[Extracted records]
+ + + + +

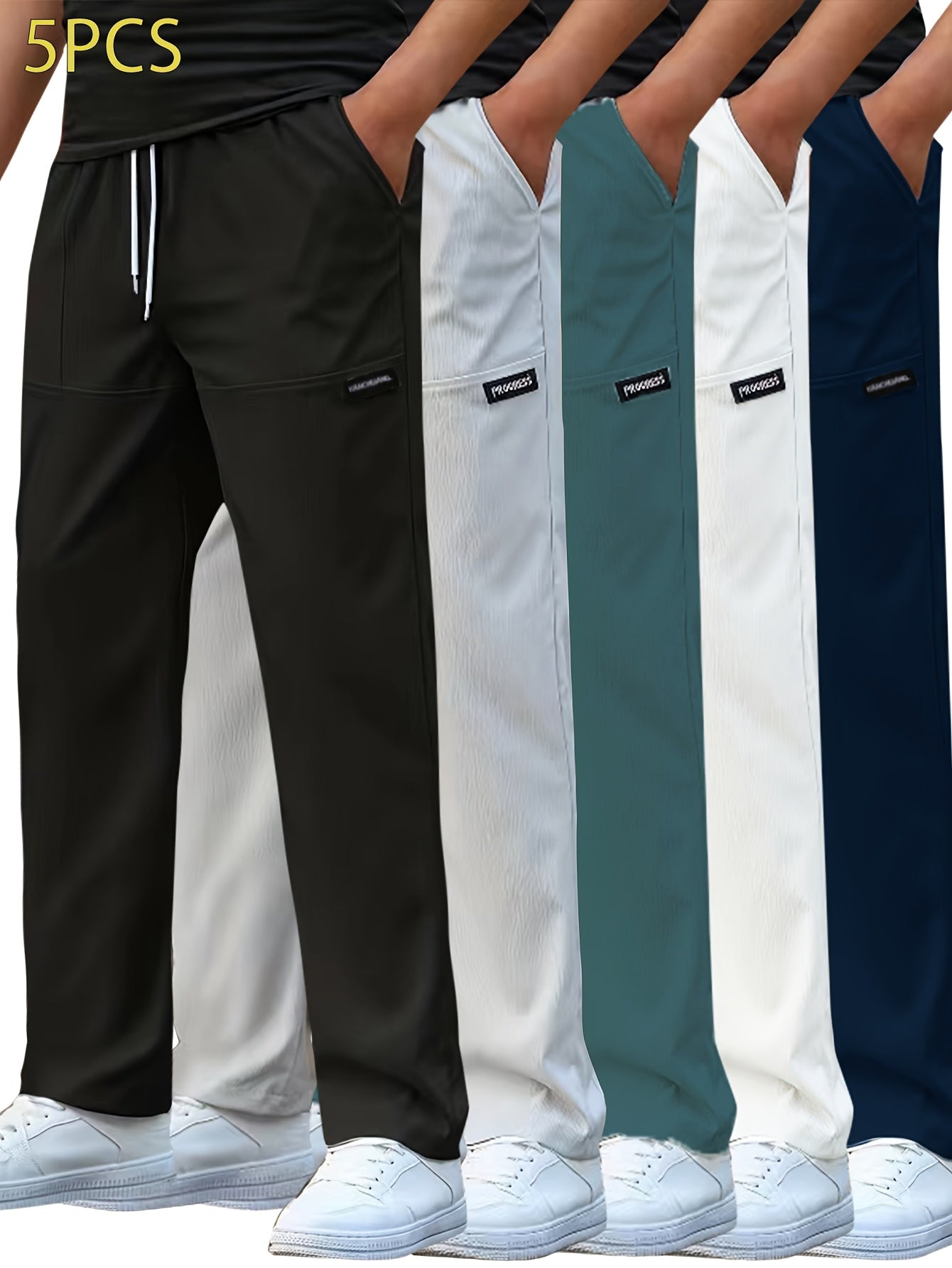 5pcs Men's Casual Straight Leg Pants, Solid Color, Regular Fit for Golf & Running, Spring/Summer Lightweight Work Trousers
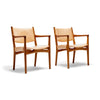 Teak Arm Oak Frame Armchair by Hans J. Wegner for Johannes Hansen, 1950s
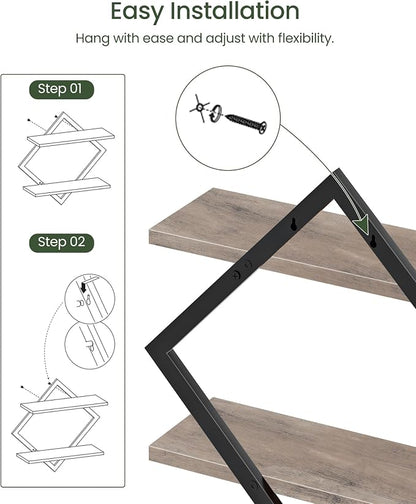 CHOEZON Floating Shelves for Wall, 2-Tier Hanging Shelves, for Living Room - Image 5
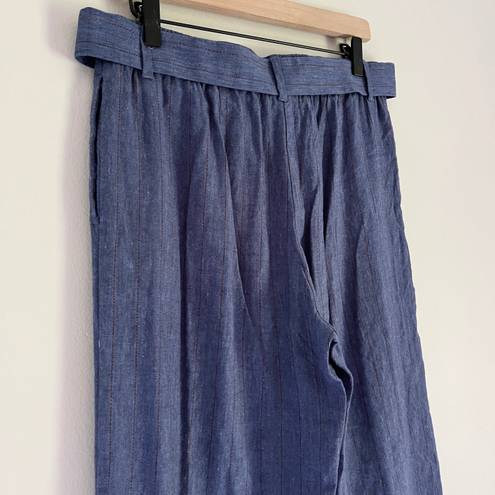 J.Jill  Linen Women’s Jenna Stretch Belted Wide Leg Crop Pants Blue Size Small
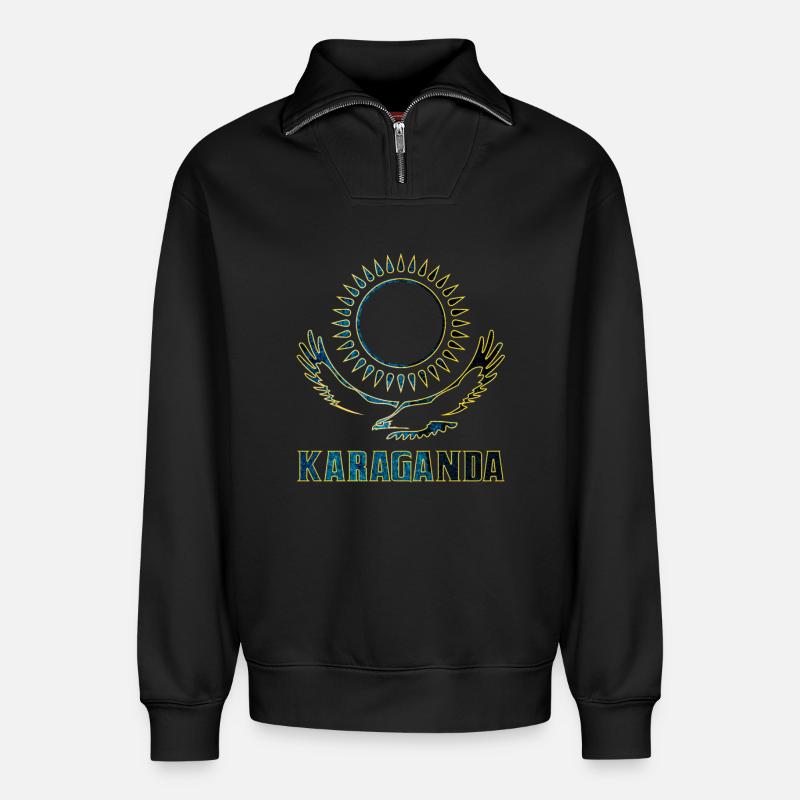 Karaganda Kasachstan Geschenk - Relaxed Unisex Organic Half Zip Sweatshirt – von SPREAD - Schwarz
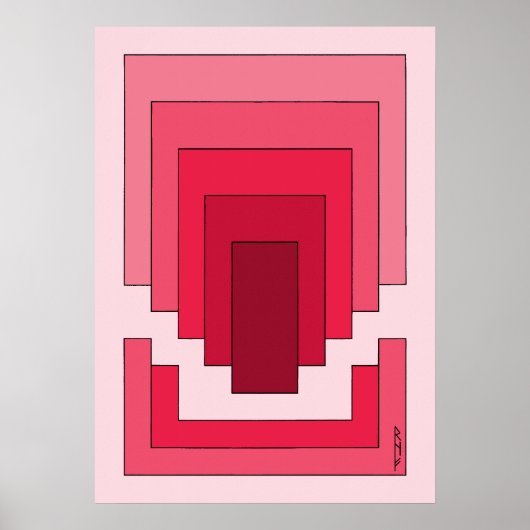 四角形抽象芸術(赤) ポスター (正面)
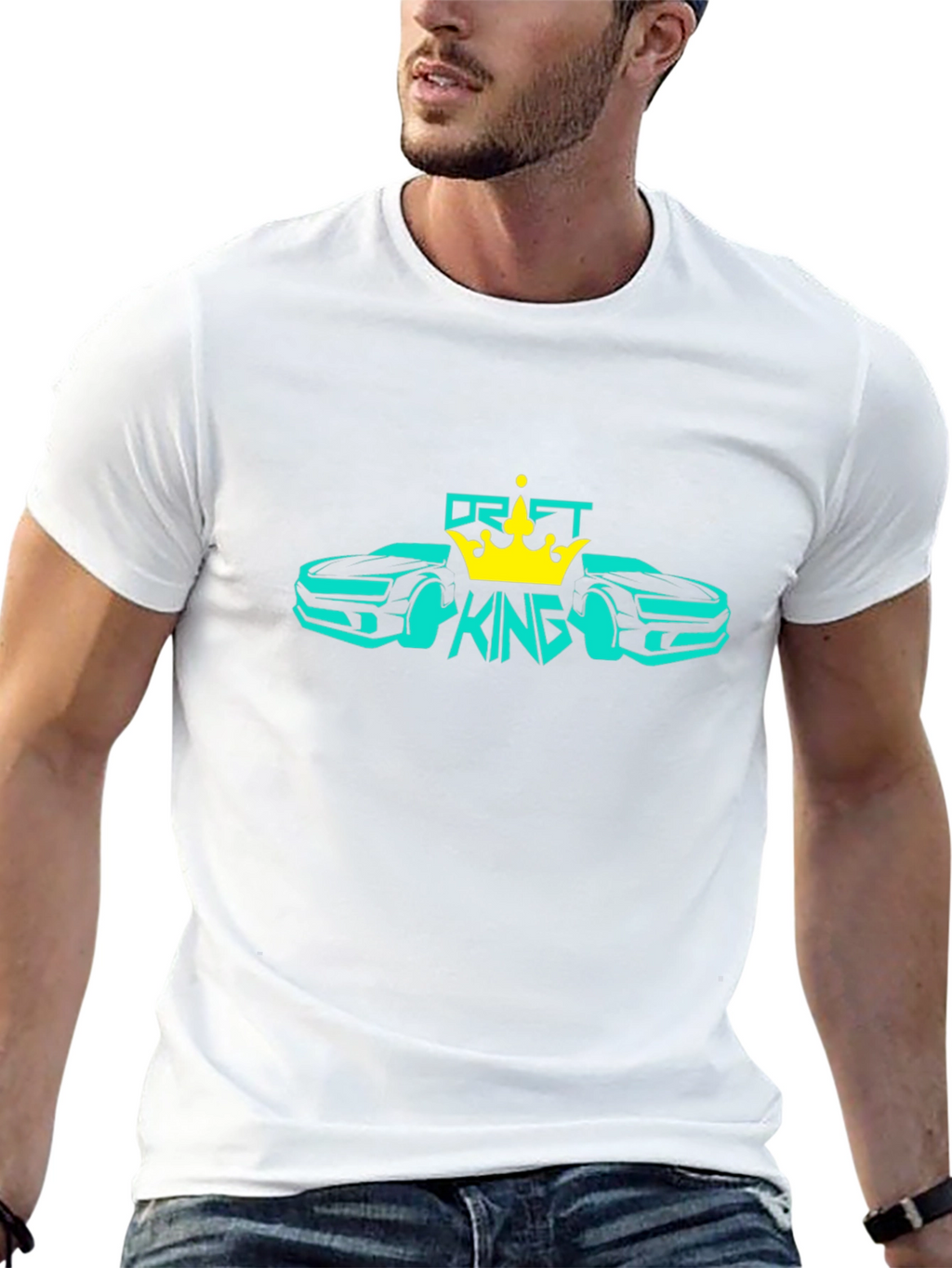 Drift King Black T-Shirt Car Design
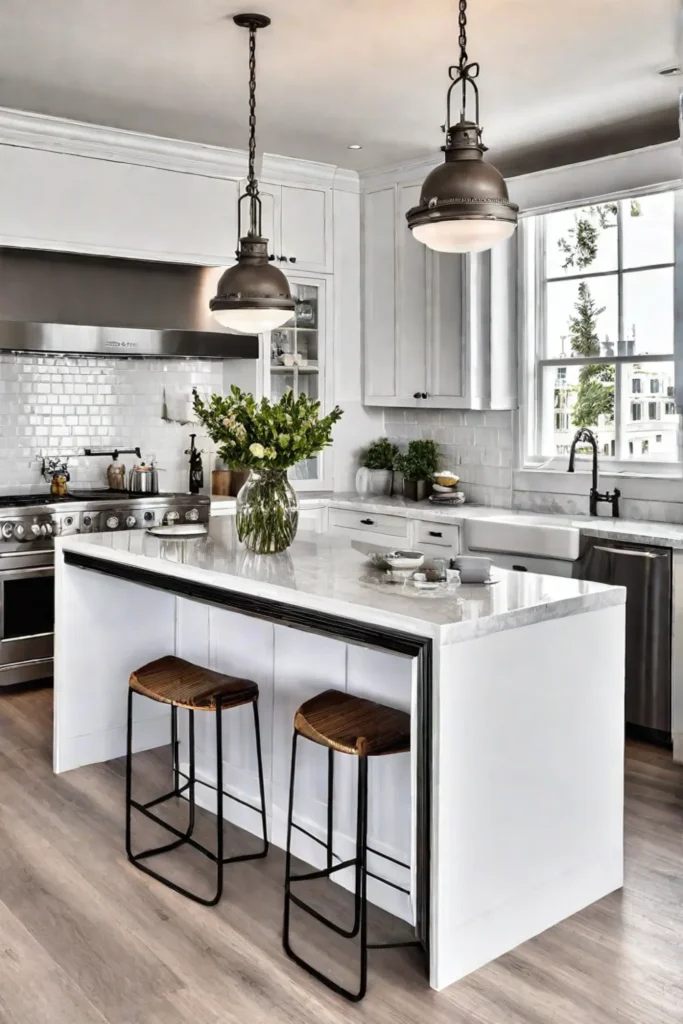 Kitchen island with builtin charging station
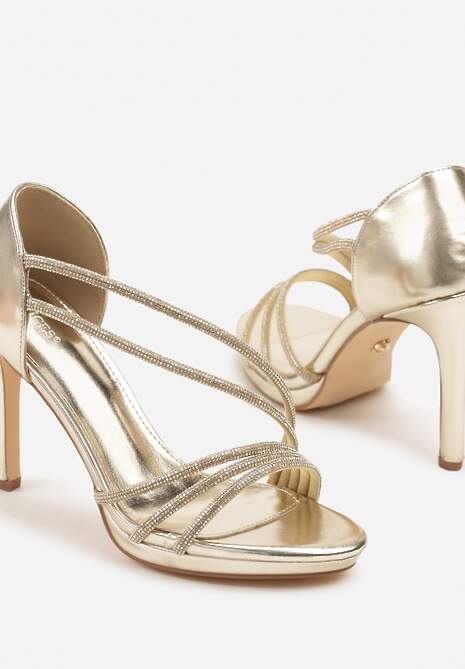 Złote Sandały Vices na Szpilce Ozdobione Cyrkoniami Noritia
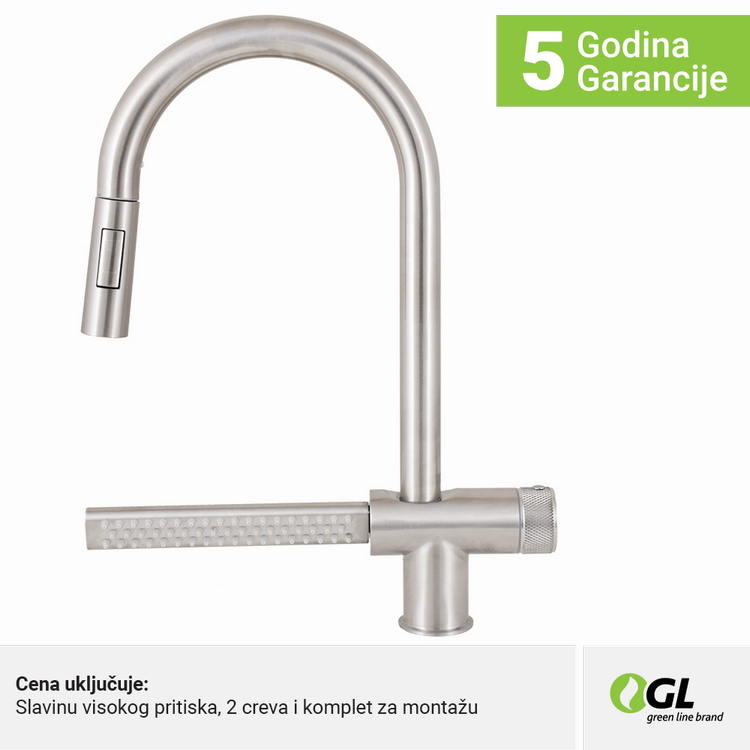 Kuhinjska slavina, inox, 2C, izvlačni tuš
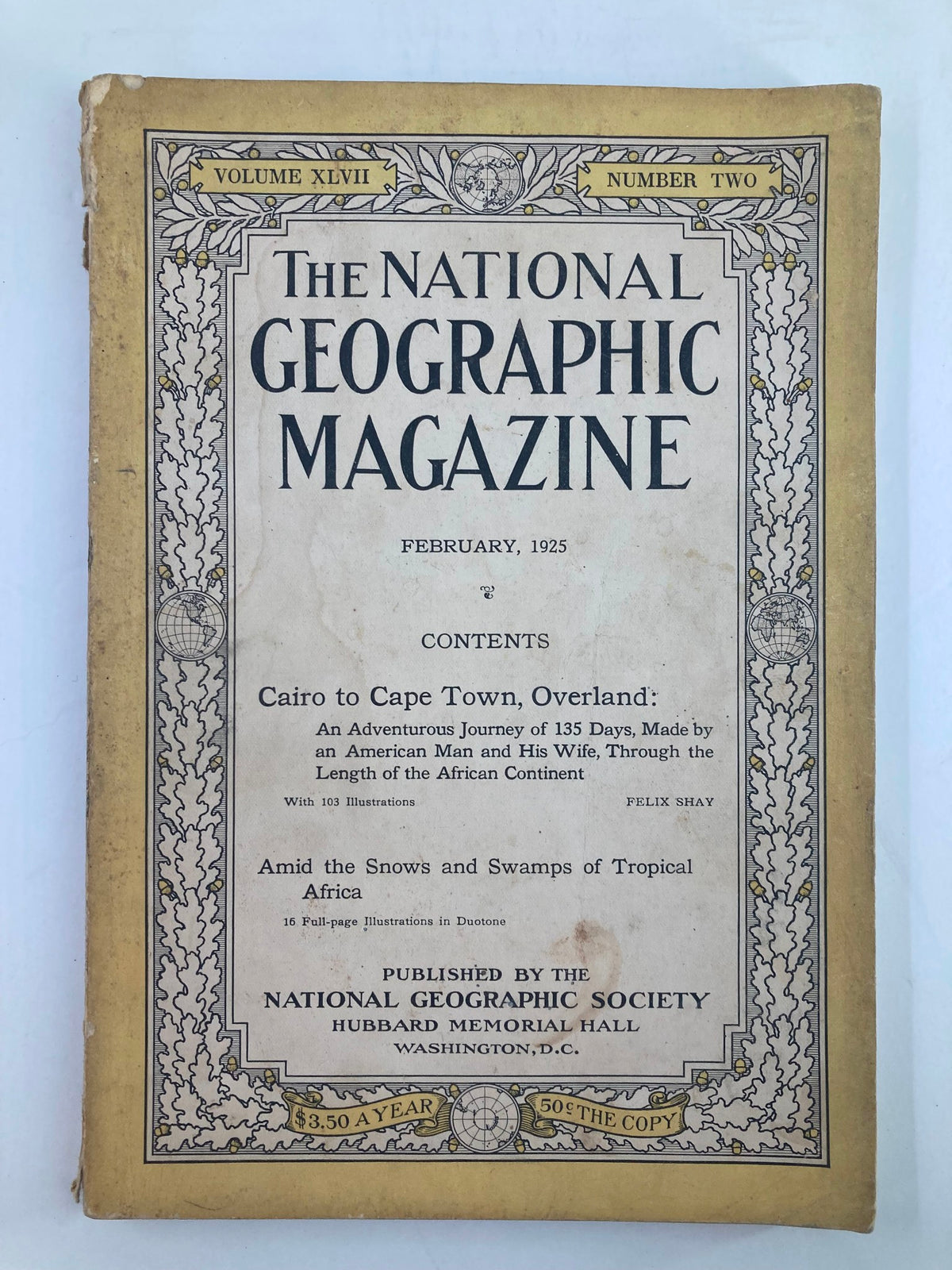 Cover of the vintage National Geographic Magazine - February 1925 featuring the title 'Cairo to Cape Town', showcasing exploration themes with a historical aesthetic.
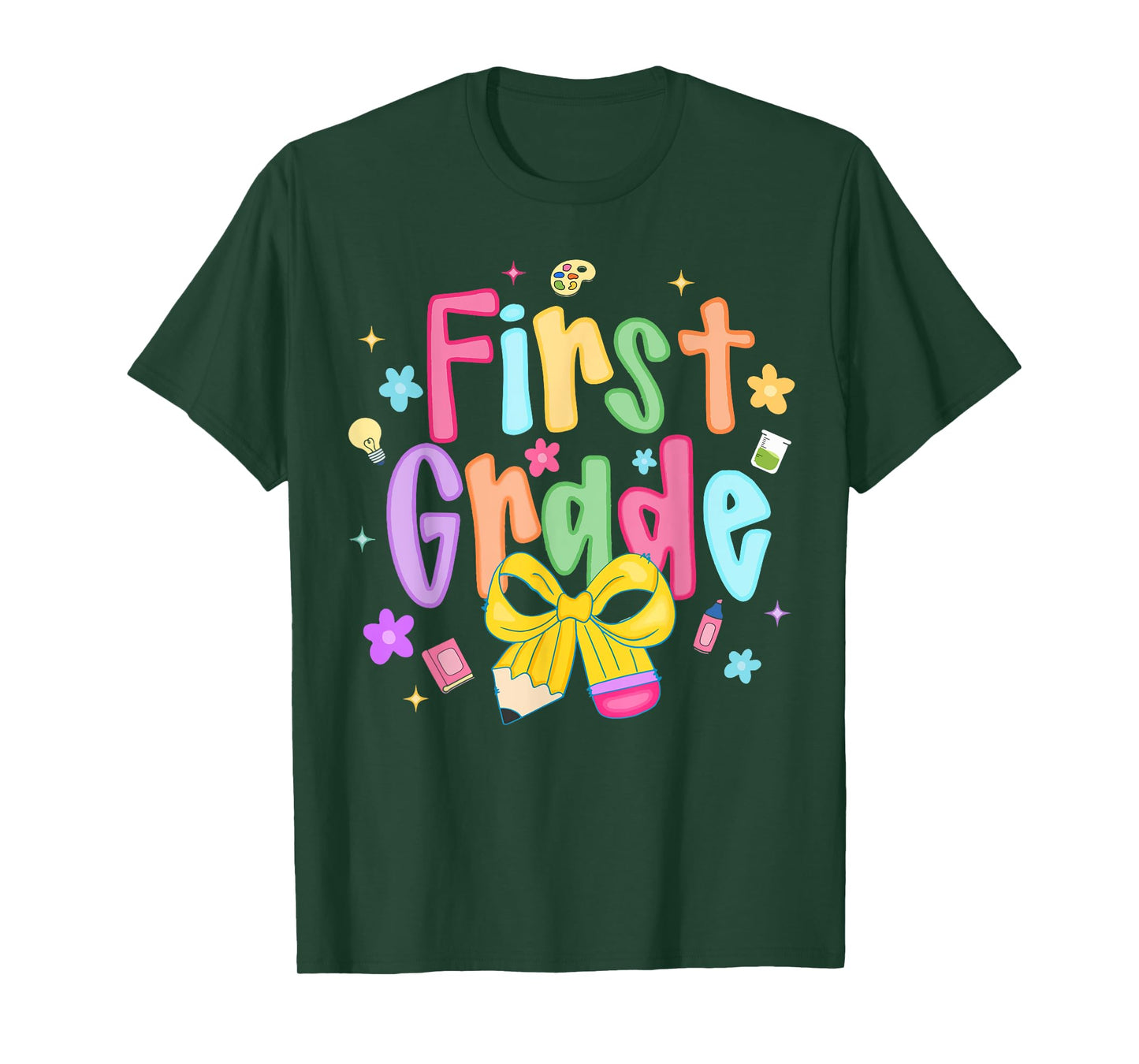 First Grade 1st Back to School Preschool Teacher Girl Kids T-Shirt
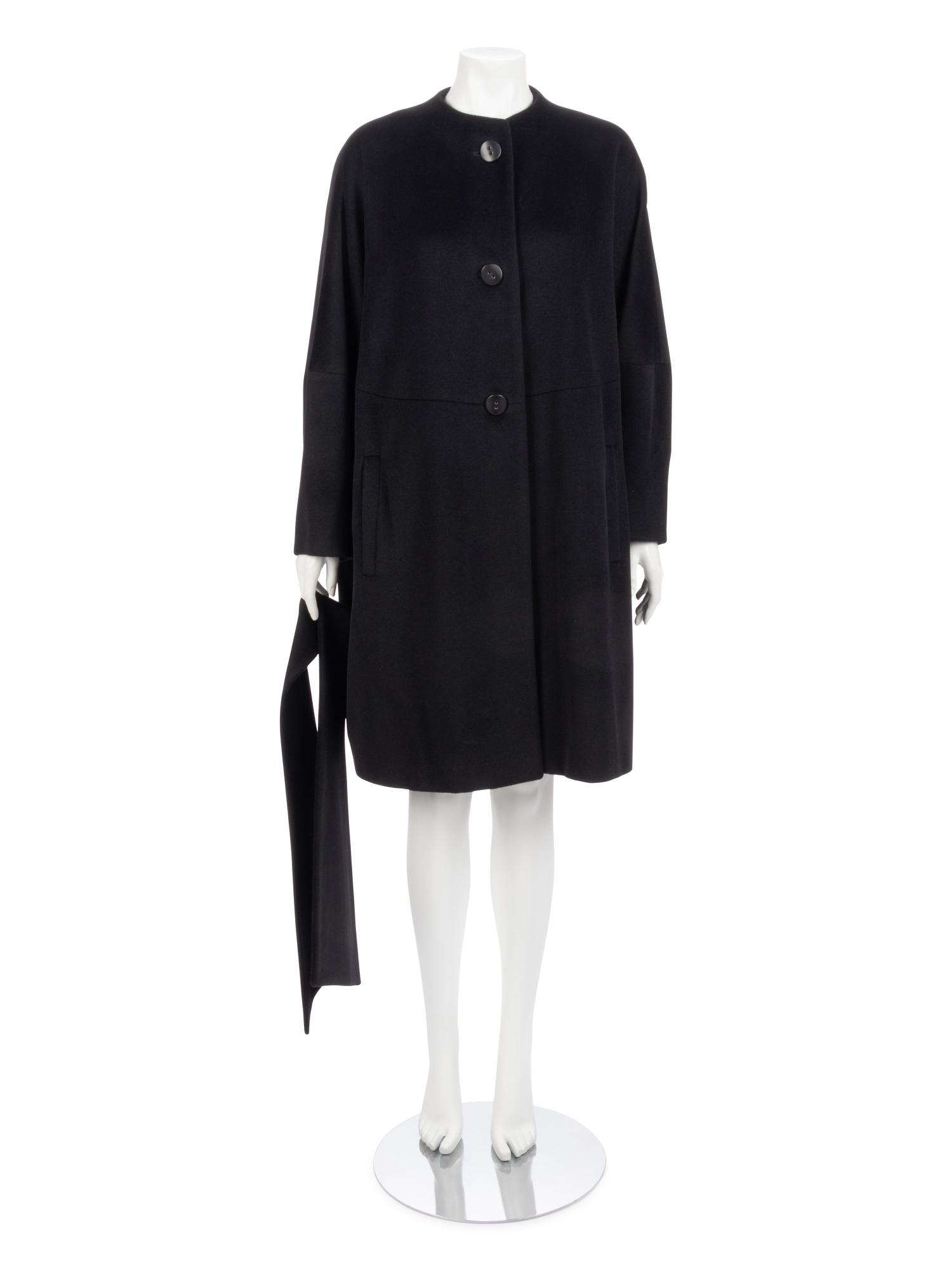 Dejac Black Cashmere Wool Coat with Scarf, 2010s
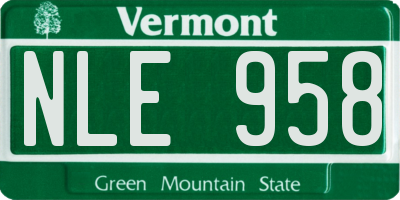 VT license plate NLE958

+ + + + +

## Work item
Would it be possible to print the records above verbatim, pictures omitted?

## Solution for this problem
 5pcs Men's Casual Straight Leg Pants, Solid Color, Regular Fit for Golf & Running, Spring/Summer Lightweight Work Trousers
 Teak Arm Oak Frame Armchair by Hans J. Wegner for Johannes Hansen, 1950s
 CHOEZON Floating Shelves for Wall, 2-Tier Hanging Shelves, for Living Room - Image 5
 J.Jill  Linen Women’s Jenna Stretch Belted Wide Leg Crop Pants Blue Size Small
 Karaganda Kasachstan Geschenk - Relaxed Unisex Organic Half Zip Sweatshirt – von SPREAD - Schwarz
 四角形抽象芸術(赤) ポスター (正面)
 Drift King Black T-Shirt Car Design
 Kitchen island with builtin charging station
 Złote Sandały Vices na Szpilce Ozdobione Cyrkoniami Noritia
 Kuhinjska slavina, inox, 2C, izvlačni tuš
 Cover of the vintage National Geographic Magazine - February 1925 featuring the title 'Cairo to Cape Town', showcasing exploration themes with a historical aesthetic.
 First Grade 1st Back to School Preschool Teacher Girl Kids T-Shirt
 Dejac Black Cashmere Wool Coat with Scarf, 2010s
 VT license plate NLE958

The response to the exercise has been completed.